When switching to edge learning, manufacturers can be surprised to learn how quickly yield and throughput improve.

Schneider Electric CSS Thumbnail with SE LogoImage Source: Cognex

Four Hours to Production: Edge Learning Quickly Makes a Difference at Schneider Electric

Leading electronics manufacturer Schneider Electric specializes in the digital transformation of energy management and automation. They recently discovered that edge learning can play a key role in their ongoing transformation as they invest in smart factories that use connected devices, machinery, and production systems to continuously collect data.

Traditionally, this manufacturer relied on rule-based machine vision. The system worked, but it produced inconsistent quality results, along with a higher than acceptable level of false rejects.
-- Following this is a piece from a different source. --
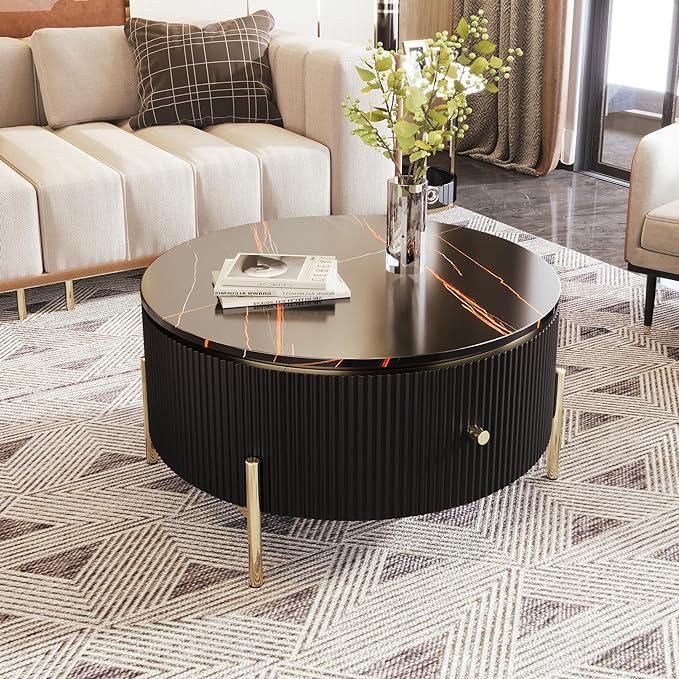 31.5'' Modern Round Coffee Table with 2 Large Drawers Storage Accent Table for Living Room(31.5'')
Among other applications, Schneider Electric implemented edge learning to conduct quality inspections and identify presence/absence on pad and spring components for assembly.

According to Laurent Chantoiseau, GSC Europe Data & Analytics Director at Schneider Electric, “Edge learning solutions are incredibly easy to set up; in less than 4 hours for a simple use case, we can have an application ready for production.”

Schneider Electric has a variety of applications that range from simple to complex, and edge learning offers quick and easy solutions to a multitude of complex production challenges. As edge learning is successfully implemented into Schneider Electric’s factories, the company refers to them as “smart factories.” Schneider’s smart factories learn and adapt in real or near real-time, increasing efficiency, improving quality, and lowering costs.


Edge learning’s ability to solve incredibly challenging production problems with simplicity is making a difference in the manufacturing world today.

  • The technology performs exceptionally with minimal training, solving challenges in minutes.
  • It greatly boosts inspection performance, accurately detecting subtle defects.
  • It’s fast and easy to integrate into any manufacturing environment, with no prior machine vision knowledge required.
  • The power of edge learning, combined with machine vision, becomes a game changer for OEMs and manufacturers across industries.

Artificial intelligence has come a long way, and it’s now a powerful tool to harness in manufacturing. Thanks to edge learning, even smaller manufacturers who thought AI solutions were out of reach can now start taking advantage.